AMY GOODMAN: I wanted to switch gears a little bit to get your comment on the youngest-ever winner of the Nobel Peace Prize, the Pakistani education activist Malala Yousafzai. It was announced on Friday. She’s 17 years old. In 2012, she was shot in the head by a Taliban gunman who boarded her school bus. She survived and continued to campaign for the rights of girls to go to school. While she was recovering in England, she sent a message to a meeting of Pakistani Marxists in Lahore. She wrote, quote, "I am convinced Socialism is the only answer and I urge all comrades to take this struggle to a victorious conclusion. Only this will free us from the chains of bigotry and exploitation." Now, a lot was made of the youngest Nobel Peace Prize nominee, or the announcement on Friday—she’s not just the nominee; she will win this award on December 10th. But there wasn’t much reference to this quote. Can you talk about it, Kshama Sawant, as a Socialist, the first Socialist city councilmember in Seattle in, what, a century?

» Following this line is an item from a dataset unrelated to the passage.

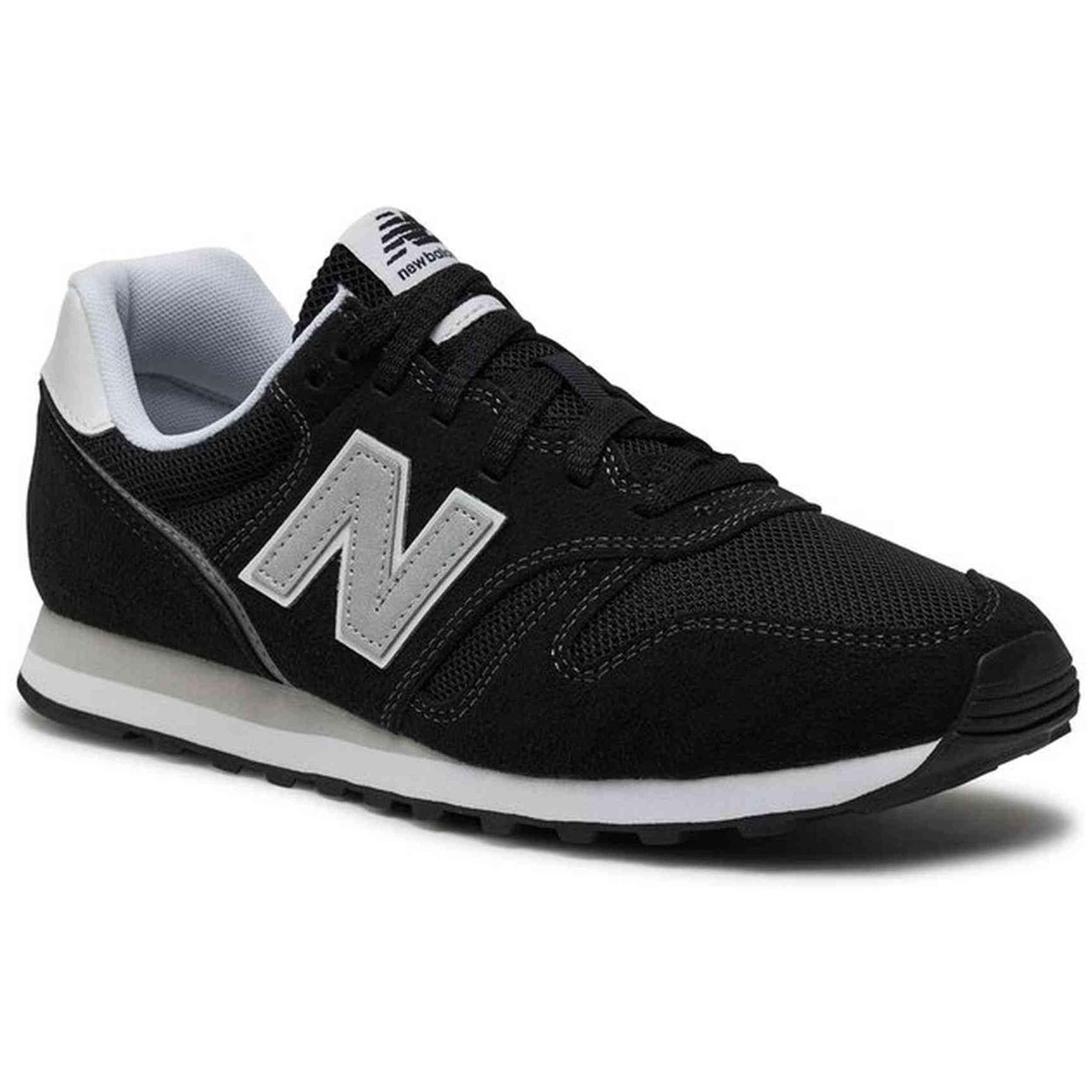 Image secondaire de Baskets New Balance 373 en cuir synthétique et tissu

KSHAMA SAWANT: That’s a very important question. And in fact, first of all, let me start by saying that I am so humbled and just absolutely stunned and impressed by how courageous this very young woman has been, against all the odds and, you know, fighting not only for her own right to education and her right to an identity as a woman, but using her platform to bring about attention to the many, many children, young children, especially girl children, who are struggling for survival and for their rights. And I think that she might be—I mean, I’m not sure, but it seems to me she might be the first socialist who has been given a Nobel Prize since Albert Einstein. He won a Nobel for physics, and I think very few people know that he was a socialist. Same with Helen Keller, she was a Socialist. And these stories are not told, because most of the media is dominated by the very system which needs to keep these stories buried, because it will end up empowering people. I mean, imagine how empowering this is going to be to young people everywhere to know that Malala Yousafzai has expressed solidarity with the idea of socialism.

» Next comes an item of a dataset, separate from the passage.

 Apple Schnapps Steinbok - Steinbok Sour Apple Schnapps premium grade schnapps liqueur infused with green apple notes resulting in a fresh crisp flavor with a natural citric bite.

And I think she’s right on the mark. If you look at the extreme suffering that is being meted out to the people in Pakistan, Afghanistan, the Middle East, all the places which have been the target of the brutal imperialism from the West, the bloodbath that Iraq is going through, where is the solution to all of this? The only solution can be on the basis of rejecting capitalism, the system that, you know, means that a few billionaires and a few ruling-class politicians at the top get to decide how they’re going to divide up the world’s resources and go to war in that process. And who fights the wars? It’s the poor of the United States. Who dies in the war? It’s the poor of those countries. So I think she brings a message of solidarity that we need to recognize, that our solidarity lies not only as American working people, but as working people globally against a system, against a billionaire class that is continuing to exert such brutality and really miserable conditions for most of us.

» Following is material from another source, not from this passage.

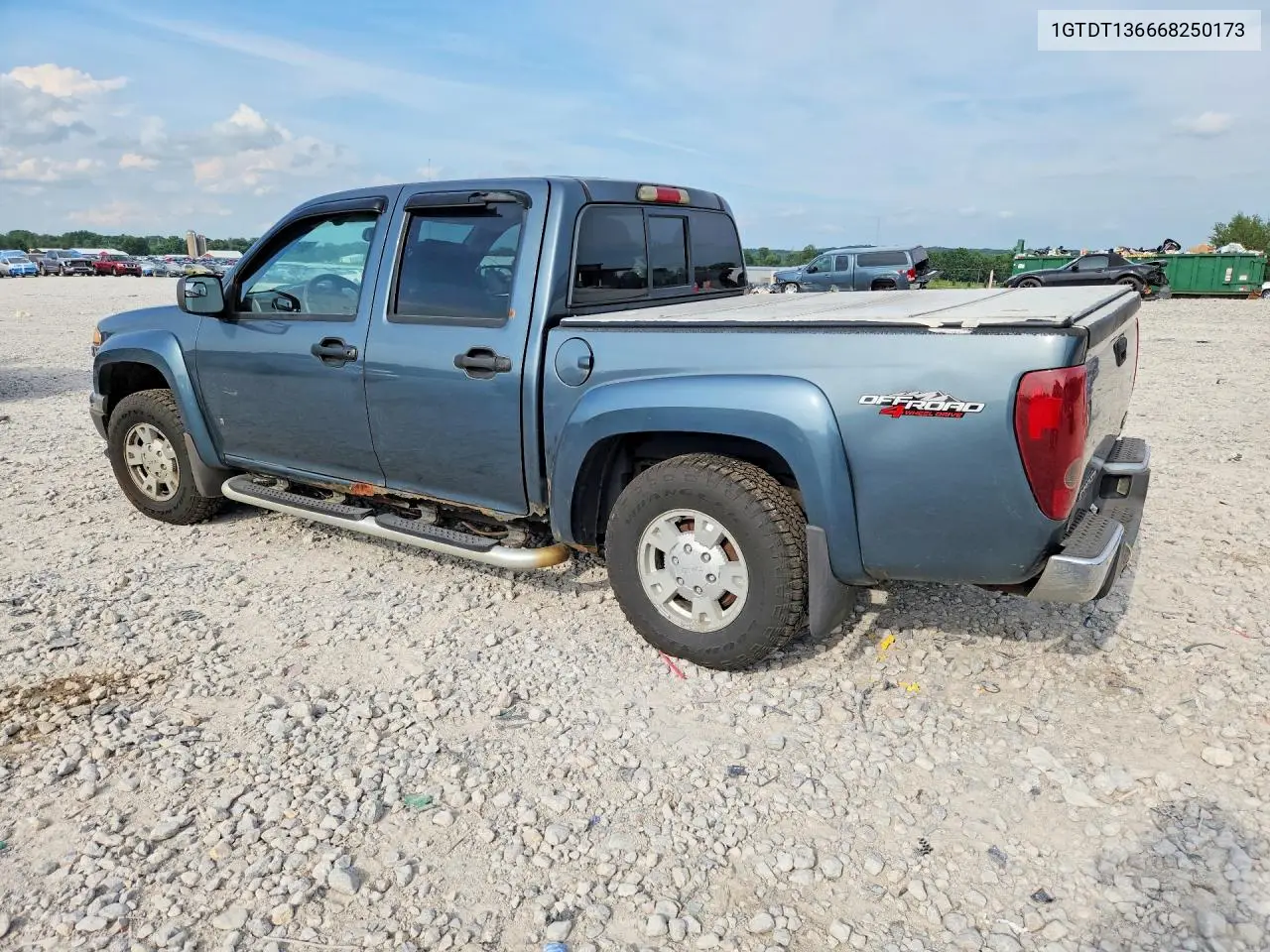 2006 GMC Canyon VIN: 1GTDT136668250173 Lot: 60405356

AMY GOODMAN: Kshama Sawant, I also wanted to get your response to the fact that it was actually two people who were named Nobel Peace Prize winners. Malala Yousafzai is a Pakistani Muslim. And Kailash Satyarthi, who is 60 years old, a man from India, a Hindu, who has also been working to stop the exploitation of children, especially around the issue of making those rugs, started Rugmark. Can you talk about the significance of the message the Nobel committee is sending to India, where you were born, and Pakistan?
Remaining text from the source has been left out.